SHANGHAI (Reuters) - China’s smog-hit capital Beijing will ban high-emission vehicles from Wednesday as part of its efforts to combat pollution, the official Xinhua news agency said, citing the local government.
Concerned about the damage done to its reputation by persistent smog, the municipal government promised in January that it would take “extraordinary” measures this year to curb emissions from coal consumption and cars.
China is also considering tough new measures restricting industrial activity in the region surrounding Beijing, according to a draft policy document seen by Reuters.
Gasoline-powered vehicles that fail to meet China’s Emission Standard III will not be allowed to enter the city’s main districts on weekdays, and drivers will be fined if they fail to comply, Xinhua said late on Monday.

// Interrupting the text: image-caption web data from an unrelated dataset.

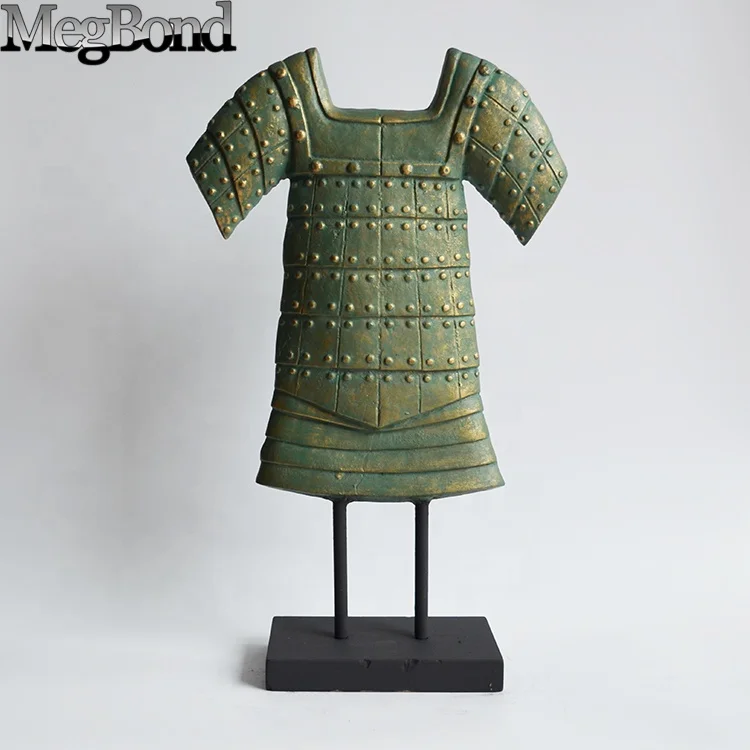 Metal Chinese armour table ornament for home decoration, Cast metal old Chinese cloth for Terra-Cotta Warriors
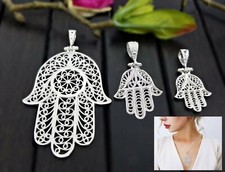 925 Silber Hand der Fatima Handarbeit Anhänger Hamsa Khamsa Kettenanhänger Kette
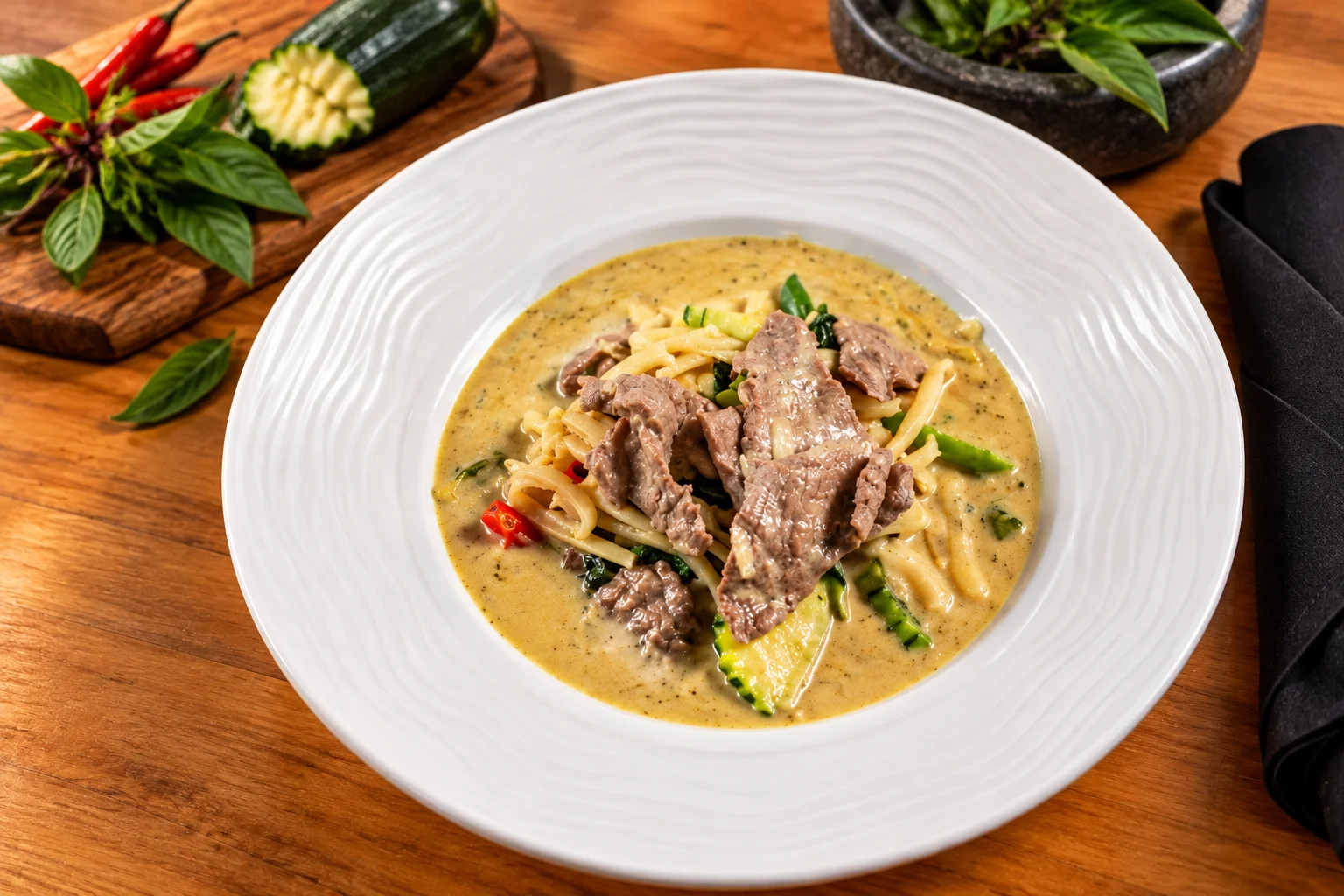 Thai green curry with beef and noodles in a white serving bowl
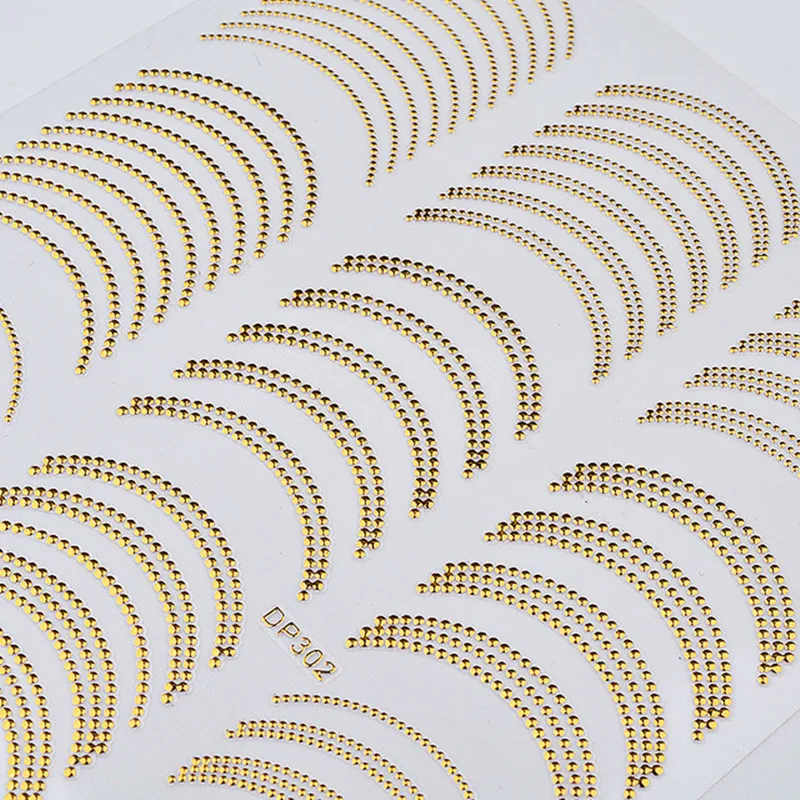 3D стикер для ногтей s полосы с волнообразными линиями золотые наклейки для ногтей блеск тонкий клей Маникюр переводная наклейка водная горка наклейки на Кончики ногтей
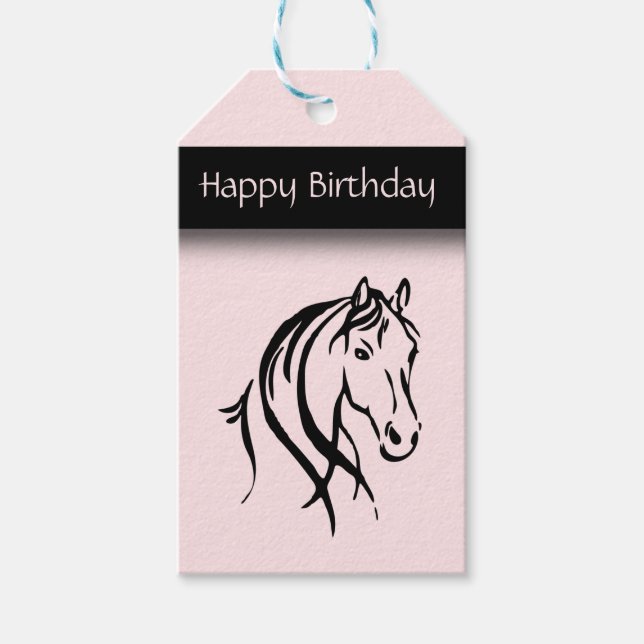 Etiqueta Para Presente Girls Equine Birthday (Frente)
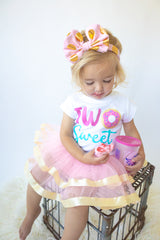 Two Sweet 2nd Birthday Outfit for Girls – Short Sleeve Bodysuit, Pink & Gold Tutu Skirt & Bow Headband Set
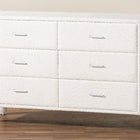 Baxton Studio Laria Modern White Teddy-Bear Fabric 6-Drawer Dresser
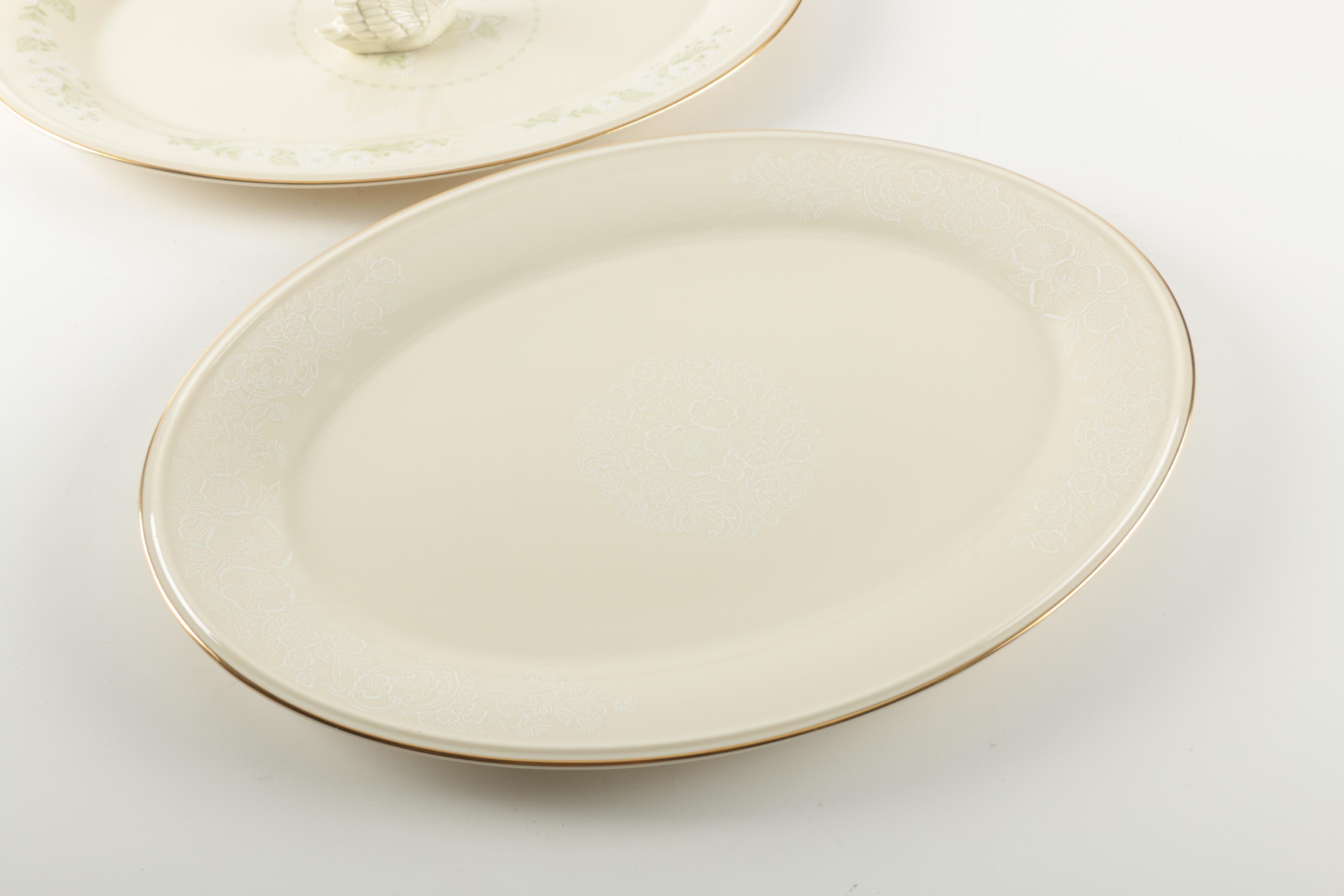 Lenox Serving Platters and Swan Figurine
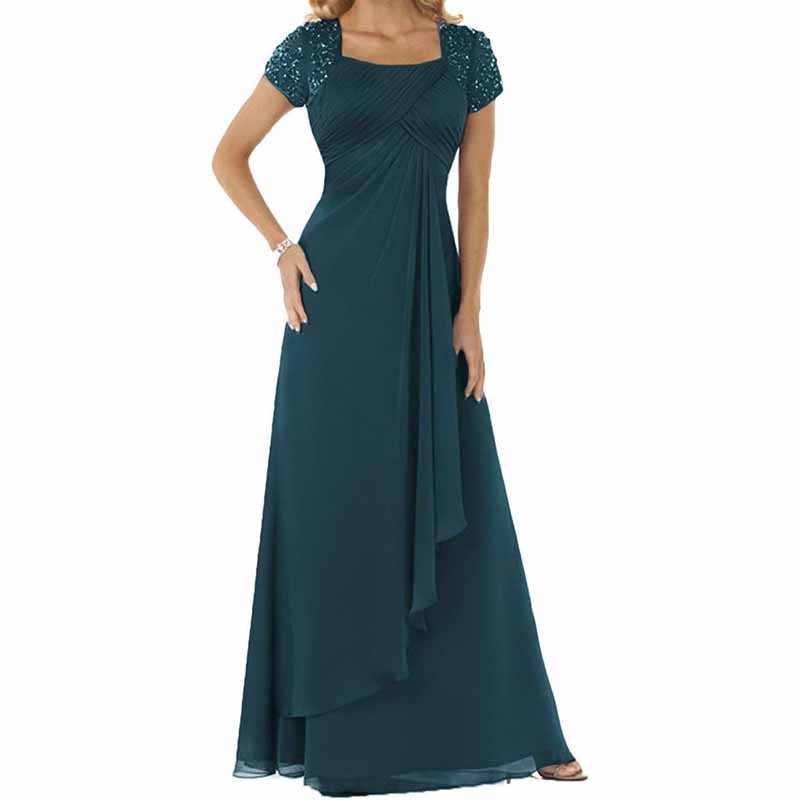 Evening Dress Chiffon Long Mother of the Bride Dress Short Sleeve Fold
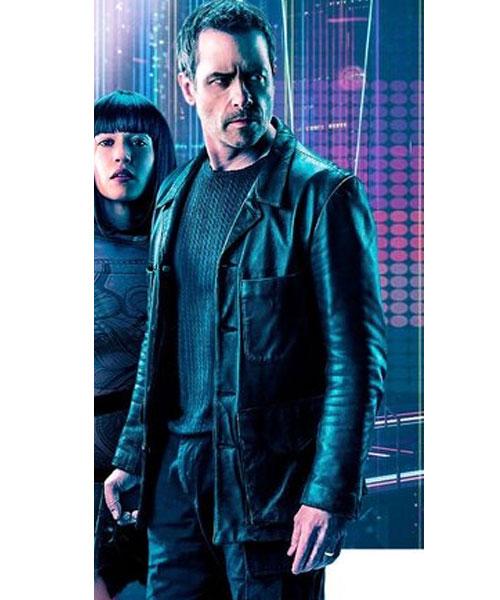Zone 414 Guy Pearce Black Leather Coat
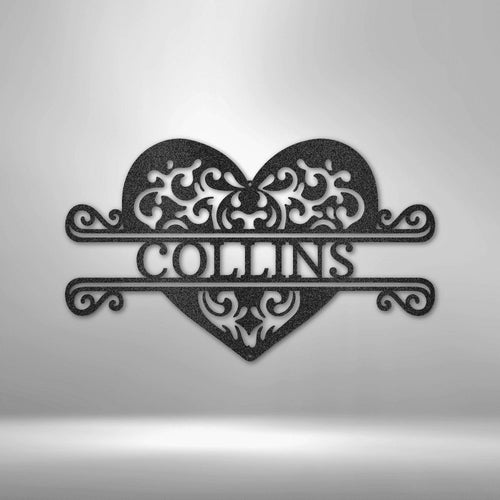 Personalized Fancy Heart Monogram Steel Art Wall Decor Metal Name Sign Laser Cut Metal Signs Custom Gift Ideas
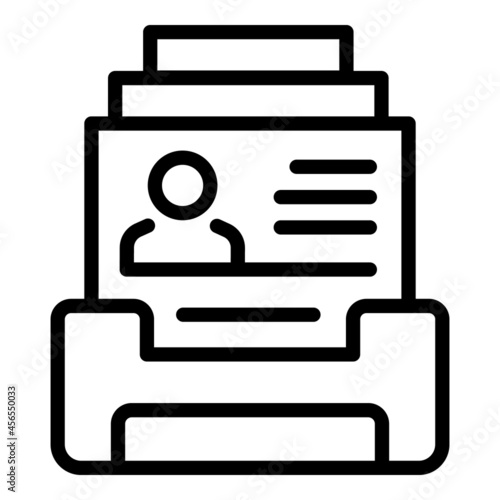 Office printer icon outline vector. Photocopy paper. Copy machine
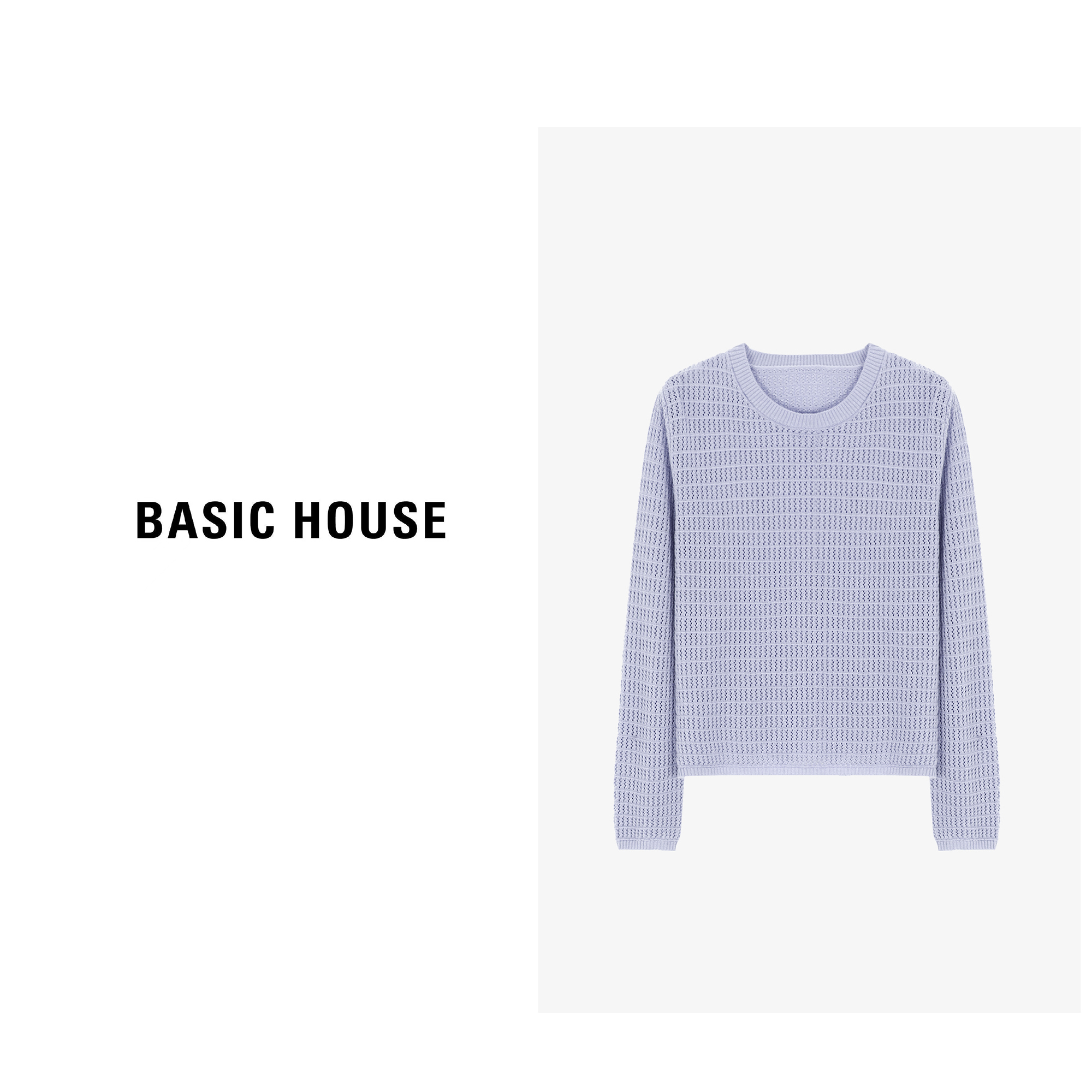 Basic House/百家好夏款时尚休闲百搭宽松镂空针织衫-B0624B5C952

Beijing was one of 24 cities to issue a smog “red alert” at the end of last year, allowing authorities to impose emergency restrictions on traffic and industrial output in order to reduce emissions.
The 5.7 million vehicles on Beijing’s roads account for 31 percent of the city’s hazardous breathable particles known as PM2.5, a major constituent of smog. Cars are also estimated to be responsible for more than 80 percent of the carbon monoxide in China’s air.
China has drawn up new rules requiring all light vehicles to adhere by 2020 to its strictest “China VI” emission standards, which are based on ones used in Europe and the United States.
New cars in Beijing will have to adhere to the China VI standards from this year.